What is a list of some of the Factors that the Court Look at in terms of Custody?          

Again, the Courts look at what is in the best interest of the child. Some of the factors include: each parents financial and physical ability; to provide the children with both essentials and beyond such as food, medical care, shelter, clothing, each parent’s medical history, physical and mental. Again, this might not be the case for most people, but if there is a physical limitation or a mental condition that would impact the parenting that can be a factor.  The children’s age, gender, medical history, both physically and mental and if the child(ren) have special needs.  The parents work schedule and habits are things that can draw negative imprints, such as excessive drinking, smoking, use of drugs. The bond between the child and the parent, what each parent is looking to do, what each child seeking as well depending on the age, the parents willingness to work on having the child have a relationship with both parents, the difference in terms of the stability for the child and how things would be looked at if they were to stay in the same house; or the same district and the impact it might be if they were to move.  The quality of life the child has in keeping things as a status quo.
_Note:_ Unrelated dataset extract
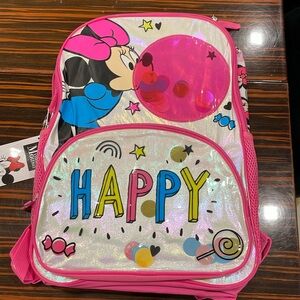 Minnie Mouse happy briefcase blowing bubbles.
There can be other factors as well, such as whether there are false allegations against parents, the parents criminal record, if any, restraining orders, if any, DCF involvement, if any.

My Spouse and I Recently Separated and Filed for Divorce.  We like to figure out a Custody and Visitation Schedule Without the Courts deciding that, is this Possible?               

Yes.  The Court has to approve the Agreement as fair and reasonable.  Usually, the Judge is very much in favor of parents working out a schedule on their own. The parties can do that on their own or can do that with a Mediator or through their attorneys.  It is a beneficial decision for the parents to make rather than a Judge because the parents know what is in the children’s best interest probably more likely than a Judge would and a Judge can end up deciding that neither parent likes.

Can anyone other than a Parent get Custody of a child?    

The answer is Yes and No.  Usually, it is just the parents that would get custody. However, if DCF is involved DCF can take custody or there can be a third-party custody.  In addition, there are guardianship’s, adoptions and other circumstances where a grandparent, aunt/uncle, other relatives, close members of the family or a friend can seek, but they must show that the parents either are currently unfit, unwilling or unable to meet the child or children’s specialized needs; so, it is not an easy process to do.  In addition, there is a statute allowing grandparent visitation in Massachusetts; although it is restrictive.